Tanto ha statuito la Corte di Cassazione nella sentenza n. 30093 del 30 ottobre 2023 in relazione alla vicenda di una lavoratrice part-time che aveva impugnato il licenziamento intimatole dalla società datrice di lavoro per giustificato motivo oggettivo a seguito del rifiuto di accettare la proposta datoriale di modifica della collocazione dell’orario di lavoro.
Per comprendere l’iter logico- giuridico che ha condotto gli Ermellini alla statuizione del suindicato principio, occorre tracciare preventivamente i tratti salienti della disciplina prevista in tale ambito.
Il contratto part-time è un contratto di lavoro subordinato in cui il lavoratore è impiegato per un numero di ore non superiore a 40. Si parla, quindi, di orario ridotto a fronte del quale il lavoratore gode delle stesse garanzie e degli stessi diritti dei dipendenti assunti a tempo pieno, in proporzione alla quantità di lavoro prestata.
All’interno del contratto sono indicate le ore di lavoro in maniera precisa e puntuale, con riferimento al giorno, alla settimana, al mese e all’anno.
Il datore di lavoro, nel corso del rapporto lavorativo, non potrà modificare a suo piacimento la collocazione temporale della prestazione lavorativa, salvo il caso in cui nel contratto vengano inserite le clausole elastiche, ossia una pattuizione tra le parti che consenta all’azienda di aumentare l’orario lavorativo del lavoratore o di variarlo.
Nel caso in cui il datore di lavoro voglia applicare le c.d. clausole elastiche per cambiare la collocazione temporale della prestazione lavorativa, dovrà darne comunicazione al lavoratore con un preavviso di almeno due giorni e questi dovrà esprimere il suo consenso per iscritto.
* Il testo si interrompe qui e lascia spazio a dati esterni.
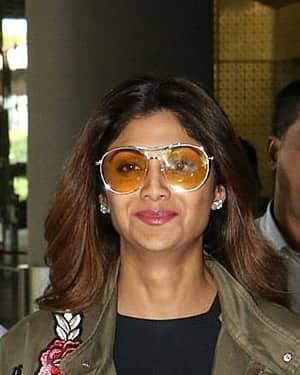 Shilpa Shetty Spotted At Mumbai Airport | Picture 1525121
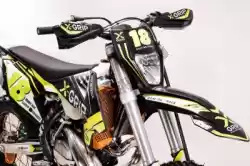 Here you can order the besch radiator guard set ktm / hsq blue 17-19 from X-grip, with part number 0513XG1650:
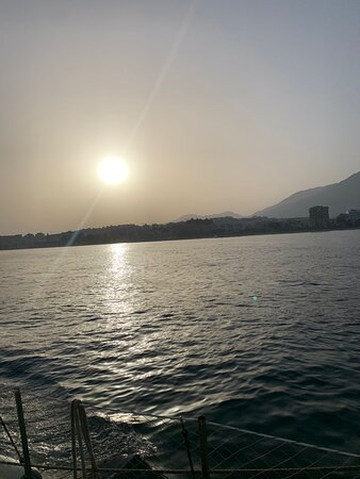 Velero Intrepido-埃斯特波纳必去景点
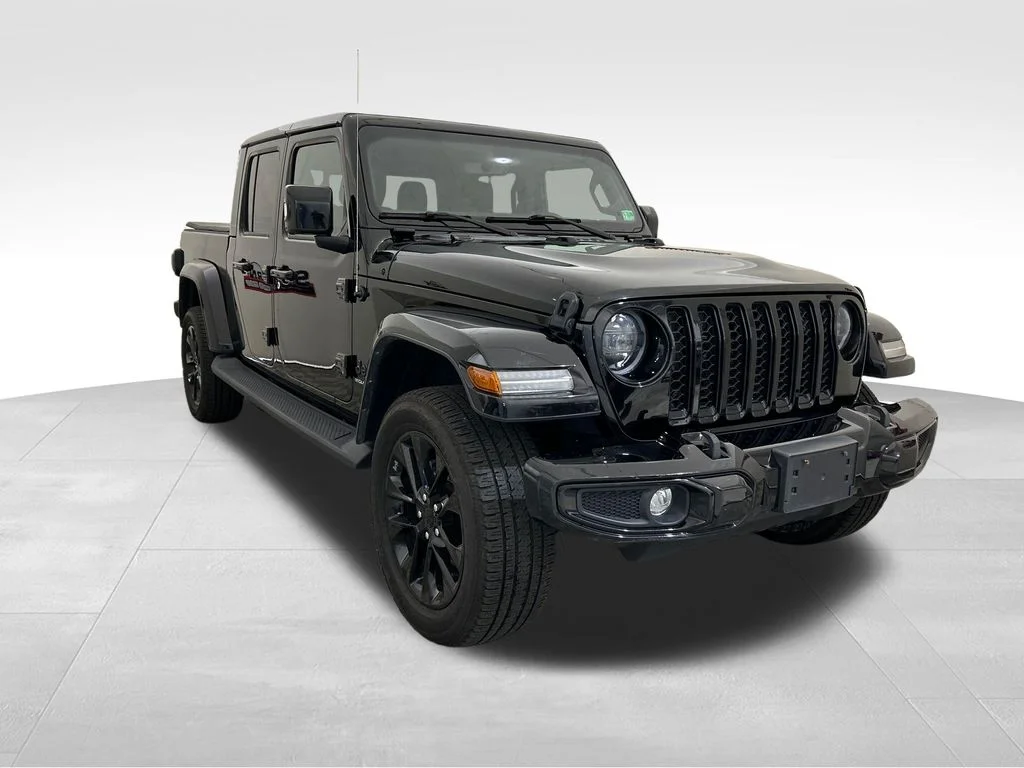Used 2023 Black Jeep Overland image 9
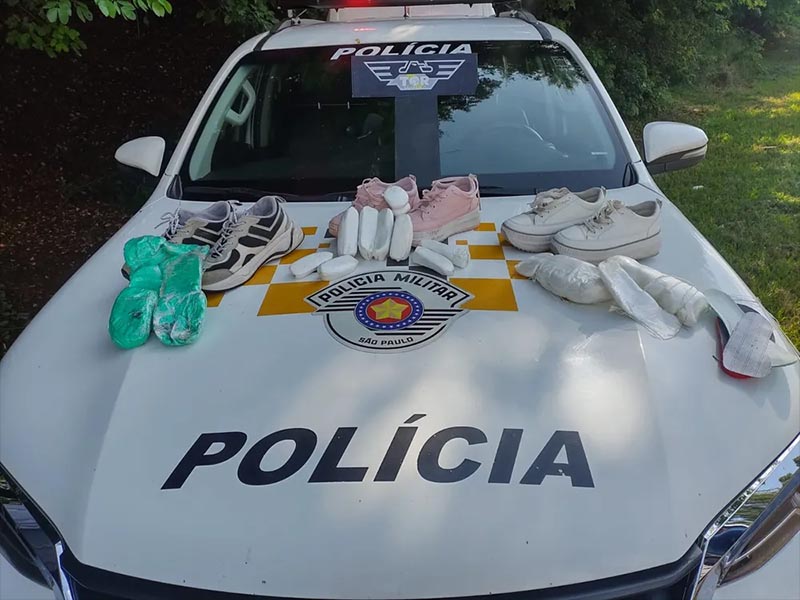 Três bolivianos da mesma família são presos com cocaína nos tênis e roupas em rodovia de Assis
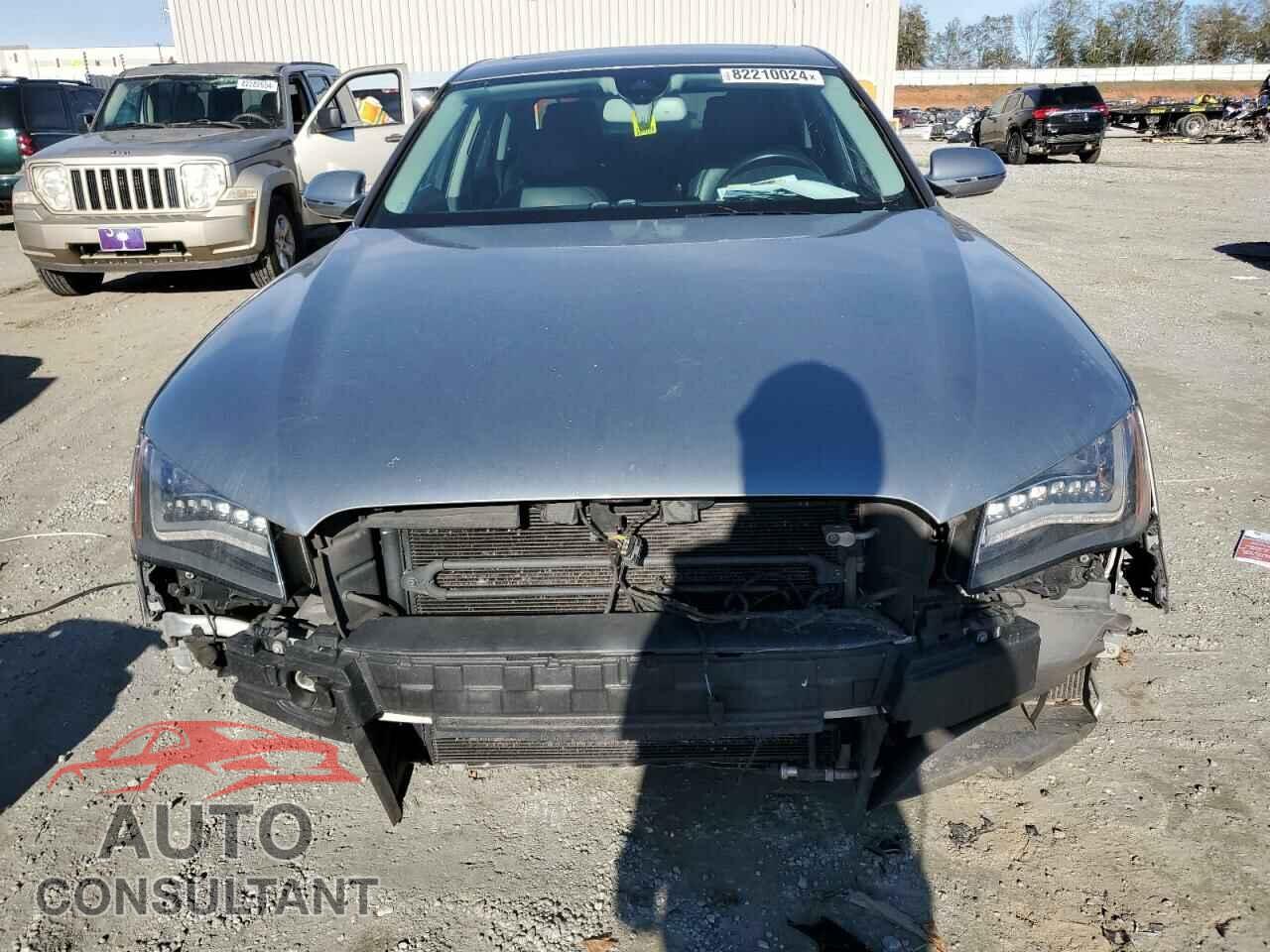 AUDI A8 2013 - WAUAGAFD6DN012546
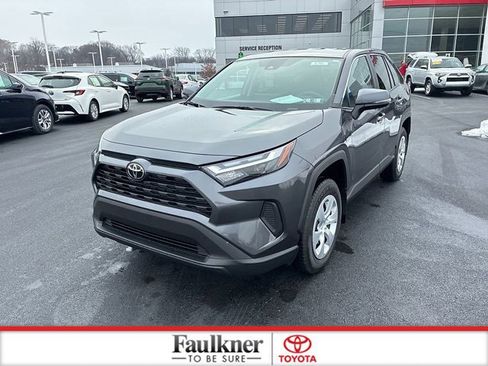 Used 2025 Toyota RAV4 LE image 18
- Ma cosa accade se il datore di lavoro di sua iniziativa procede ad una variazione dell’orario di lavoro stabilendo un orario part-time diverso o una diversa sua collocazione nella giornata in assenza di clausola elastica?
- E, inoltre, può la mancata accettazione della modifica nell’orario di lavoro da parte del lavoratore costituire oggetto di licenziamento?
Secondo i giudici di legittimità in caso di rifiuto della proposta datoriale di modifica della collocazione dell’orario part-time, il dipendente può essere legittimamente licenziato solo se il recesso non è stato intimato a causa del diniego opposto, ma in ragione dell’impossibilità di utilizzo della prestazione con le precedenti modalità orarie per effettive ragioni economiche dimostrate dal datore di lavoro. Occorre, dunque, che il datore dia prova non solo dell’effettività delle ragioni addotte per il cambiamento dell’orario, ma anche dell’impossibilità di un utilizzo altrimenti della prestazione (con modalità orarie differenti), quale elemento costitutivo del giustificato motivo oggettivo.
Pertanto, il datore di lavoro può modificare la collocazione temporale del lavoratore a condizione che quest’ultimo ne dia accettazione per iscritto. In caso di mancato consenso, il lavoratore non potrà essere licenziato. Il datore potrà, invece, procedere al licenziamento per giustificato motivo oggettivo laddove provi che non sussistano ulteriori soluzioni occupazionali o orari diversi all’interno dei quali collocare la prestazione lavorativa quali vie alternative al licenziamento.
Nella suindicata sentenza, dunque, la Corte di Cassazione dimostra di operare un bilanciamento di interessi: se da una parte la pronuncia degli Ermellini si pone a garanzia della protezione legale che attribuisce al lavoratore il diritto di opporre un legittimo rifiuto alla proposta datoriale- rifiuto che non può costituire sic et simpliciter ragione e presupposto di licenziamento- dall’altra fa salvo l’altrettanto legittimo diritto di recesso del datore di lavoro quando il rifiuto alla proposta di trasformazione entri in contrasto con le ragioni di carattere organizzativo.